Artikel 5:9 Samenloopbepaling

In het wetsvoorstel houdende wijziging van de Algemene Ouderdomswet teneinde een korting te kunnen toepassen op de toeslag voor de echtgenoot die jonger is dan 65 jaar (32 430) wordt in artikel 12 van de AOW een korting van 8% op de partnertoeslag op grond van de AOW geregeld. De korting wordt toegepast indien het inkomen uit arbeid en het overig inkomen van de pensioengerechtigde en de echtgenoot samen, vermeerderd met het op grond van de artikelen 9, zesde lid, onderdeel b, en 13, eerste lid, vastgestelde bruto-ouderdomspensioen en de partnertoeslag na toepassing van de korting niet onder de 110% van het wettelijke minimumloon ligt. Om die reden wordt geregeld dat na inwerkingtreding van dat wetsvoorstel voor de toepassing van artikel 12 van de AOW in dit besluit onder uitkeringsgerechtigde wordt verstaan de pensioengerechtigde en diens echtgenoot.

Aan artikel 2:7 wordt een tweede lid toegevoegd waarin wordt geregeld dat voor de toepassing van artikel 12 van de AOW een uitkering van de pensioengerechtigde die naar aard en strekking overeenkomt met een uitkering op grond van de AOW als overig inkomen wordt aangemerkt. Hieronder wordt in ieder geval verstaan een buitenlandse uitkering die naar aard en strekking overeenkomt met een uitkering op grond van de AOW. Een uitkering van de jongere echtgenoot van de pensioengerechtigde die naar aard en strekking overeenkomt met een uitkering op grond van de AOW wordt niet aangemerkt als overig inkomen. Artikel 2:7, tweede lid, wijkt derhalve af van het bepaalde in artikel 1:1, tweede lid, aangezien onder uitkeringsgerechtigde voor wat betreft een dergelijke uitkering niet mede wordt verstaan de echtgenoot van de uitkeringsgerechtigde.
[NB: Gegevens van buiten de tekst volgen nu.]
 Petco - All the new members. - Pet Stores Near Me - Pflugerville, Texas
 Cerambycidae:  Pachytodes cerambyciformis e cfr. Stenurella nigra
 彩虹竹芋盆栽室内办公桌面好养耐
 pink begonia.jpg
Voor de toepassing van dit besluit is een overgangsperiode geregeld in het wetsvoorstel harmonisatie en vereenvoudiging socialezekerheidswetgeving van maximaal twee jaar voor personen op wie momenteel een inkomensbesluit wordt toegepast dat wordt ingetrokken met dit besluit. Aan artikel 2:7 wordt een derde lid toegevoegd waarin wordt geregeld dat indien het inkomen is bepaald van een echtgenoot van een pensioengerechtigde in het kader van de artikelen 10 en 11 van de AOW, zoals deze luidden voor de inwerkingtreding van de Wet harmonisatie en vereenvoudiging socialezekerheidswetgeving, dit inkomen ook wordt aangemerkt als het inkomen van die echtgenoot voor de toepassing van artikel 12 van de AOW.

Artikel 5:10 Inwerkingtreding

Dit besluit treedt in werking op 1 januari 2011.
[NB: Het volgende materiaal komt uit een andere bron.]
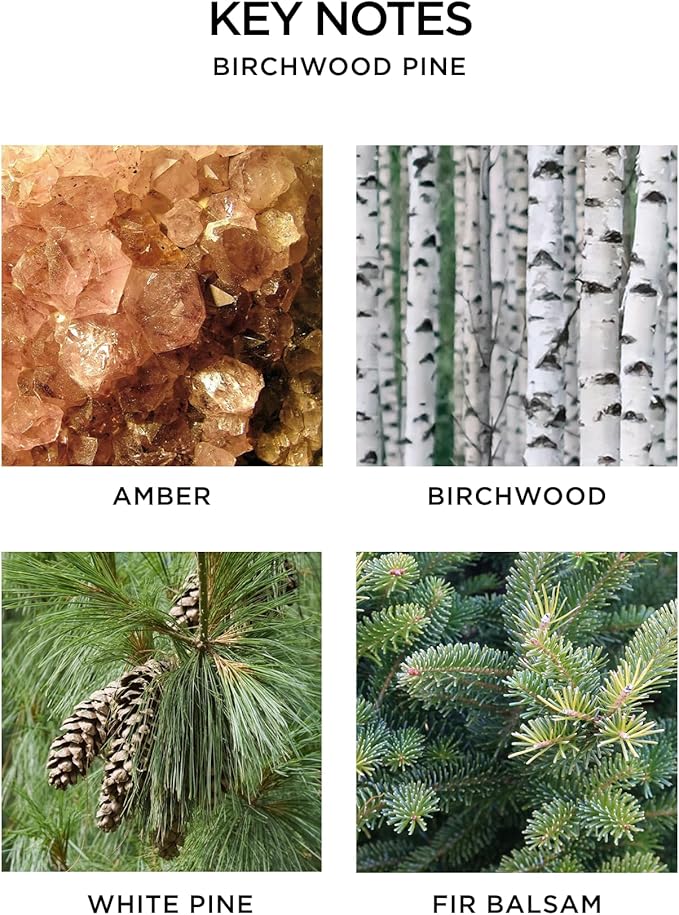 NEST New York Scented 3-Wick Candle, Birchwood Pine - 21.2 oz - Up to 100-Hour Burn Time - Reusable Glass Vessel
Artikel 5:5 treedt in werking met ingang van de dag na de datum van uitgifte van het Staatsblad waarin dit besluit wordt geplaatst en zal terugwerkende kracht krijgen tot en met 9 juni 2010, de datum van inwerkingtreding van de Tijdelijke wet pilot loondispensatie.
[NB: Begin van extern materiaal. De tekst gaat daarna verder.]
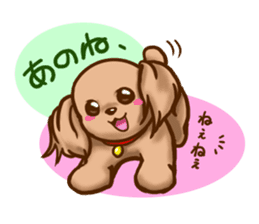 tea cup poodle sticker #1946446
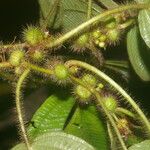 Miconia crenulata Blad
De Minister van Sociale Zaken en Werkgelegenheid,

H. G. J. Kamp


XHistnoot
histnoot

Het advies van de Afdeling advisering van de Raad van State wordt niet openbaar gemaakt op grond van artikel 26, zesde lid j° vijfde lid, van de Wet op de Raad van State, omdat het uitsluitend opmerkingen van redactionele aard bevat.